Ces versions seront envoyées dans un cadre et pour un usage strictement privé. Envoyez-moi votre adresse mail (vous trouverez la mienne sur la page "à propos" du blog); je vous enverrais par retour ces deux livres ainsi qu'une option sur le troisième quand il sera prêt.
Joint ce texte de Raymond Guérin figurant en introduction de son dernier livre Les Poulpes:
Je ne fais pas de littérature métier. Laudes, honneurs, profits, pain quotidien des professionnels, je vous ai toujours fuis. Une seule exigence: mon plaisir.
Je ne sais guère me faire valoir. Comment serais-je pris au sérieux par les autres quand, déjà, je souris de moi-même? Je pouffe dès que je sens monter en moi la velléité d’une profession de foi ou d’un oracle. Jouer au prophète, au directeur de conscience, au grand prêtre, au porteur de message me semble tout de suite du dernier ridicule.

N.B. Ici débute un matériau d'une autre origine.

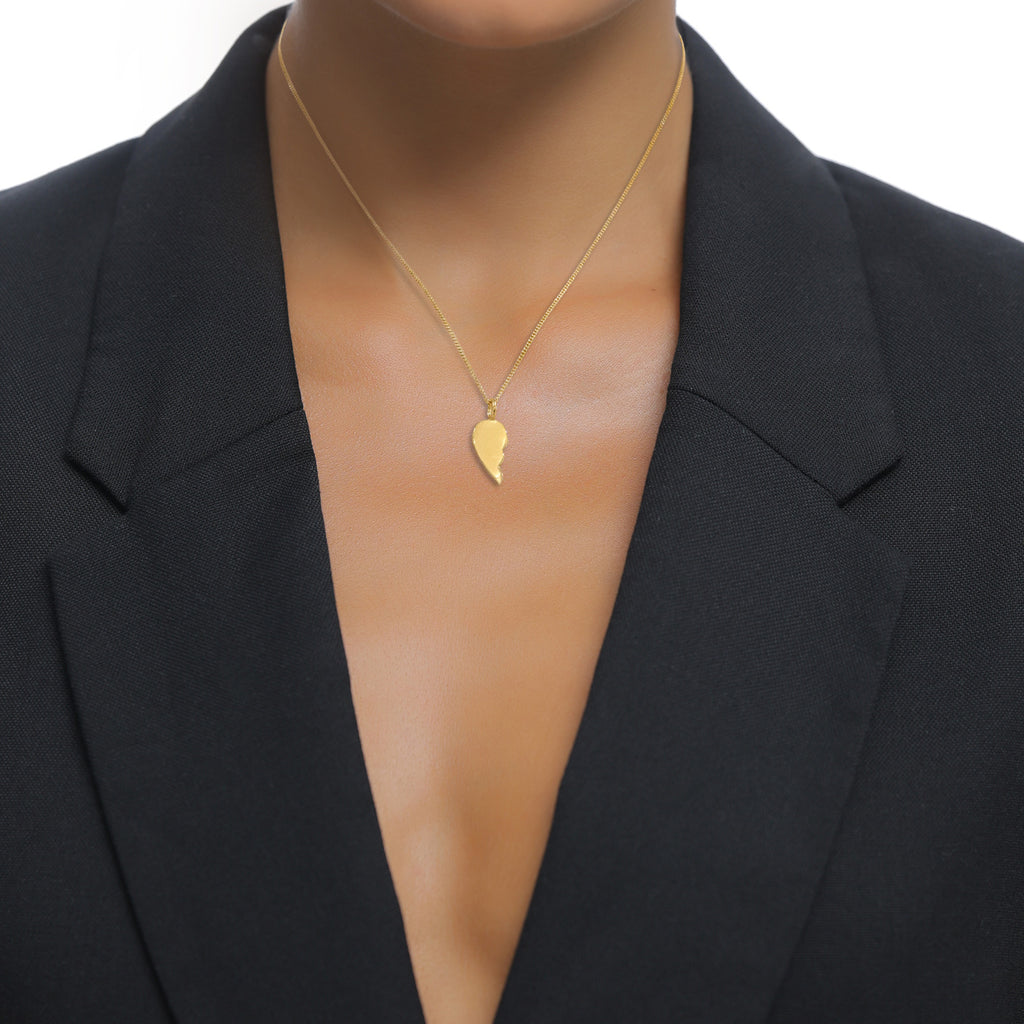 Gold Kalung Perhiasan Perak 925 Wanita Heart Friendship Gold Plated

Que dire de l’argument? Si je croyais pouvoir m’exprimer en dix lignes, pourquoi aurais-je écrit six cent pages? Ce livre ne se raconte pas; il a bien un sujet mais pas d’histoire. Au diable l’histoire!
Le cadre? La captivité. Les personnages? Moins que des ombres. L’atmosphère? Fantomale. L’expression? Transposée dans sa crudité même ou ses artifices, son tragique ou son burlesque, par des emprunts au précieux autant qu’à l’argot, aux chansons des rues autant qu’au bagage des poètes.

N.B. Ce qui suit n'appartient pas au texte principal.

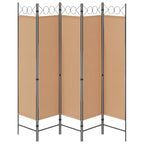 vidaXL 5-teiliger Raumteiler Beige 200 x 180 cm Stoff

En fait, il faudrait quinze jours pour lire posément cet ouvrage et autant pour y repenser à loisir. Que ceux donc qui n’ont pas un mois à perdre passent leur chemin! Qu’y a-t-il à expliquer? Un livre se défend, se justifie ou se condamne lui-même. Ce qui compte, c’est la sincérité, c’est la probité de l’entreprise.
Et pourtant…
Je crois qu’on se méprendra sur Les Poulpes si on ne reconnaît pas qu’il s’agit là, avant tout, d’un livre de dérision. Dérision du sujet et dérision du style. Si on ne reconnaît pas, également, qu’il s’agit là d’un livre de parti pris. Parti pris du sujet et parti pris du style.

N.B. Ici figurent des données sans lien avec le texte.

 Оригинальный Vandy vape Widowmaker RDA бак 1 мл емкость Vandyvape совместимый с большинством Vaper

N’étant pas de ceux qui s’obligent, pour faire carrière, à fabriquer et à proposer indéfiniment la même mouture (pour peu que la première ait pu être appréciée), je me suis vu amené, par humeur autant que par tempérament, à rejeter chaque fois mes précédentes acquisitions, à foncer dans une direction opposée à celle où l’on m’attendait, à changer d’instrument, de registre, de matière, de procédé, de vocabulaire et de ton, à me placer enfin dans une situation d’où il me faille repartir à zéro pour explorer une terre inconnue.
Dans le mythe, Thésée sort miraculeusement du labyrinthe. Dans la réalité, la créature, vaincue d’avance, est jetée en pâture au Minotaure. Ce drame inscrit et impose une rhétorique de l’individu par la Société, en même temps qu’il inscrit et impose son inéluctable défaite. Il figure par l’absurde la machination du Minotaure acharné à dégrader tout idéal d’amour, de poésie et de liberté. Au héros légendaire se substitue l’Hermès à double face drapé dans la cape de l’Arlequin-Caméléon et hanté par la nostalgie de la beauté de la vie comme par le dégoût de ce qui l’enlaidit.
De là que langage et fiction soient violentés. De là que soient avivés, le rythme, la couleur et les subterfuges du récit, que soit libéré le sens satirique le plus grinçant de notre permanence humaniste.
Donc, un livre de dérision totale, dérisoire même dans sa plus abrupte inspiration.